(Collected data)
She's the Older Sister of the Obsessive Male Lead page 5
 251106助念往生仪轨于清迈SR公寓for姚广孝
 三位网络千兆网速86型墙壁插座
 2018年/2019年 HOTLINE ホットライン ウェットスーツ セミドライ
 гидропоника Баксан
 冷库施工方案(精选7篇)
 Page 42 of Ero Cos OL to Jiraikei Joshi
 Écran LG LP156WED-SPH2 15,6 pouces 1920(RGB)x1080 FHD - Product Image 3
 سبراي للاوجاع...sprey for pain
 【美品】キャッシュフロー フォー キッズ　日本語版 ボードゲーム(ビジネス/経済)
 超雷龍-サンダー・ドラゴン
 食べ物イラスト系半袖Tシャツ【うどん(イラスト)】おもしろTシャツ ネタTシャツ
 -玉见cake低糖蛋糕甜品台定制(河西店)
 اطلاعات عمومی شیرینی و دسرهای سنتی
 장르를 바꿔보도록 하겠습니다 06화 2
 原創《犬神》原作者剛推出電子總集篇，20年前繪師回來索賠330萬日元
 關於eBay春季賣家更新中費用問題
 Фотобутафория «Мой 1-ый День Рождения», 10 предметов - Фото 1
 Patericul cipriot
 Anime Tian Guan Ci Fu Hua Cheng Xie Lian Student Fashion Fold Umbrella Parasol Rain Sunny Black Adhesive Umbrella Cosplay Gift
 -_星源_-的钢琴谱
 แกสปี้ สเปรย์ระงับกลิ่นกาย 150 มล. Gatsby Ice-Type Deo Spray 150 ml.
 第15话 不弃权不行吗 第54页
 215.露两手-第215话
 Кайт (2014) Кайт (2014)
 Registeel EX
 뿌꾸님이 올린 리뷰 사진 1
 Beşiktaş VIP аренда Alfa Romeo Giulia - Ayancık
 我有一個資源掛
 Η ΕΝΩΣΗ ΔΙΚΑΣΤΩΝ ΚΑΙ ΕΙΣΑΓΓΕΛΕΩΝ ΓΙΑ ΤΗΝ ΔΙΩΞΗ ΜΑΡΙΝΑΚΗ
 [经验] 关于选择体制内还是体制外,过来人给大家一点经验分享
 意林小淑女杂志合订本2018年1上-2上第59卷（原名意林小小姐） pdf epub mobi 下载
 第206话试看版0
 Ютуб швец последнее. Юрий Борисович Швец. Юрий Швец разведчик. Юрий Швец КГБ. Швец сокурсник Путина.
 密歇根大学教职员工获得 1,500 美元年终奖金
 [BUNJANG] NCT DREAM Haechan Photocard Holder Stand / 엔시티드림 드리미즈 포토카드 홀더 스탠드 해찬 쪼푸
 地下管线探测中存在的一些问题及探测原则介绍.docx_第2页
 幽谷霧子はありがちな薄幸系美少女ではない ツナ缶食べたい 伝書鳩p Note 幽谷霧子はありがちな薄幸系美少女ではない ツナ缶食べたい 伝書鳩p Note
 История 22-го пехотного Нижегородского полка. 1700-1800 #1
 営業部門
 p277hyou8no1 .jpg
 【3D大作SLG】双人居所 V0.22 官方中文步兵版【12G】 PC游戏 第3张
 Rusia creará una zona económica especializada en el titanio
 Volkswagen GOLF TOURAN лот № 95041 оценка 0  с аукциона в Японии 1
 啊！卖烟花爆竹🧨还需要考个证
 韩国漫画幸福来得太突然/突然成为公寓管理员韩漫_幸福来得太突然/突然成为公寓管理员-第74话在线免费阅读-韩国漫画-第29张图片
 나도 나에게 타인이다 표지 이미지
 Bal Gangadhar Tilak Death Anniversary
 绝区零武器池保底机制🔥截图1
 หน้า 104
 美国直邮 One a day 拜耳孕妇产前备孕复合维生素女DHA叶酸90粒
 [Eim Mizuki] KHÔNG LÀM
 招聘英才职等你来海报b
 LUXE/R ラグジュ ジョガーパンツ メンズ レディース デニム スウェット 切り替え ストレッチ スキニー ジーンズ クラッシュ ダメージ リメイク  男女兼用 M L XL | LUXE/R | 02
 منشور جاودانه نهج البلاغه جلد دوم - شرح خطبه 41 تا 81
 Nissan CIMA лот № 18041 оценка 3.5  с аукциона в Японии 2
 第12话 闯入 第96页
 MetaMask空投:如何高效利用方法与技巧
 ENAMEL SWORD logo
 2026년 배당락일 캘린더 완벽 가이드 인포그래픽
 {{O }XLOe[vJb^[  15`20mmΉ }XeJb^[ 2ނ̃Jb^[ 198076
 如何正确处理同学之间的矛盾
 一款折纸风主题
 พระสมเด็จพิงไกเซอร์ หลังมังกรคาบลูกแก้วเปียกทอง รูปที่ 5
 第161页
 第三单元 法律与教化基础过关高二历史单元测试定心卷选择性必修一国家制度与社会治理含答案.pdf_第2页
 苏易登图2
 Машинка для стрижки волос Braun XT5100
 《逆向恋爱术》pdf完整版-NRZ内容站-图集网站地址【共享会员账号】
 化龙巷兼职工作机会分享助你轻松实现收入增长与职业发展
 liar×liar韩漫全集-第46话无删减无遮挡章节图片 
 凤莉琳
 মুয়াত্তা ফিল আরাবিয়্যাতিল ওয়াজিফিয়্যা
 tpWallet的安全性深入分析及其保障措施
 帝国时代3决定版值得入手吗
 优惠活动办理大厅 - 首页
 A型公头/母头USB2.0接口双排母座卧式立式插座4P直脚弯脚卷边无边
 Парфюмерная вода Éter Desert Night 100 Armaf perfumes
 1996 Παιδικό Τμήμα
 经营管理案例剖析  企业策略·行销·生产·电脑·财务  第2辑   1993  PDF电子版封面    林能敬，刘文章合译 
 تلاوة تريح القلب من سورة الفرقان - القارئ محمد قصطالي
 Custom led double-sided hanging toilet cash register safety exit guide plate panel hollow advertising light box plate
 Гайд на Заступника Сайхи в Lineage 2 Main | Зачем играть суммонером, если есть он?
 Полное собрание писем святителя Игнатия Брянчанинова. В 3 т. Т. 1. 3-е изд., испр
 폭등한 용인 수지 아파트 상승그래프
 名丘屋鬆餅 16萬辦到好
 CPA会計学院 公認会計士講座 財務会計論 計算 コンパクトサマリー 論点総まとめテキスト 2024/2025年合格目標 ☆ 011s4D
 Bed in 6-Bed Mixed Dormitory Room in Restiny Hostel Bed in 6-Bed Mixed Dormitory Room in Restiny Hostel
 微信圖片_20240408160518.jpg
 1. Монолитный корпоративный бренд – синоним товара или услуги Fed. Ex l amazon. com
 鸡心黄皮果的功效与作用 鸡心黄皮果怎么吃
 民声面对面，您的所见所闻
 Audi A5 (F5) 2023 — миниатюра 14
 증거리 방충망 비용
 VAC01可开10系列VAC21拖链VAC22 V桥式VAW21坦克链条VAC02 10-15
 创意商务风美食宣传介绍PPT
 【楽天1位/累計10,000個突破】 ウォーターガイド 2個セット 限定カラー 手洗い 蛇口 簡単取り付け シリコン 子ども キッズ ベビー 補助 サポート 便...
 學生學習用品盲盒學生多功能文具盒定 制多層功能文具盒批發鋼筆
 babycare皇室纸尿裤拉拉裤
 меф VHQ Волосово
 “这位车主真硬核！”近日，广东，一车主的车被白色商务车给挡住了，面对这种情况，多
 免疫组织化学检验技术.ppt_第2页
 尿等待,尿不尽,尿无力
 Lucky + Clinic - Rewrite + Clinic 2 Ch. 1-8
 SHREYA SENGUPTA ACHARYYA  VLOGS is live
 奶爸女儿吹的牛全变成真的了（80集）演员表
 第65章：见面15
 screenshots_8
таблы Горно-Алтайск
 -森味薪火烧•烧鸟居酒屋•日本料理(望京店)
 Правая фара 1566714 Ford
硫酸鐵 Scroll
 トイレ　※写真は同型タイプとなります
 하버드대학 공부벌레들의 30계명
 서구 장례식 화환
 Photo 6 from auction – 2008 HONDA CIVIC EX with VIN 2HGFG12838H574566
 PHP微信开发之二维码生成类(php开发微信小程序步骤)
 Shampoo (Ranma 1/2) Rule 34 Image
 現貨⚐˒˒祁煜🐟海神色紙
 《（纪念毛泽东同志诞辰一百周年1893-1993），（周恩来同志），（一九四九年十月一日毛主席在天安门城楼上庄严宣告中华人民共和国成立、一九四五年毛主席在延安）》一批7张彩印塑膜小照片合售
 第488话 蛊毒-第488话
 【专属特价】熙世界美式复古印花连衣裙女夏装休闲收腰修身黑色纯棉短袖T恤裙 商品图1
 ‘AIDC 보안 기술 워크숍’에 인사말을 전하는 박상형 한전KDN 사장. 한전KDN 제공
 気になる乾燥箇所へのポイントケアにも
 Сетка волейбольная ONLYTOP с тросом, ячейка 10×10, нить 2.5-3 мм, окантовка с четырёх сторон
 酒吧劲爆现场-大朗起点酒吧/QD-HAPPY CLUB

§ **TASK BRIEF**: The required output is every line above from the one with "密歇根大学教职员工获得 1,500 美元年终奖金" down to the one with "Rusia creará una", restated word for word, ends included.

§ **TASK RESULT**:
 密歇根大学教职员工获得 1,500 美元年终奖金
 [BUNJANG] NCT DREAM Haechan Photocard Holder Stand / 엔시티드림 드리미즈 포토카드 홀더 스탠드 해찬 쪼푸
 地下管线探测中存在的一些问题及探测原则介绍.docx_第2页
 幽谷霧子はありがちな薄幸系美少女ではない ツナ缶食べたい 伝書鳩p Note 幽谷霧子はありがちな薄幸系美少女ではない ツナ缶食べたい 伝書鳩p Note
 История 22-го пехотного Нижегородского полка. 1700-1800 #1
 営業部門
 p277hyou8no1 .jpg
 【3D大作SLG】双人居所 V0.22 官方中文步兵版【12G】 PC游戏 第3张
 Rusia creará una zona económica especializada en el titanio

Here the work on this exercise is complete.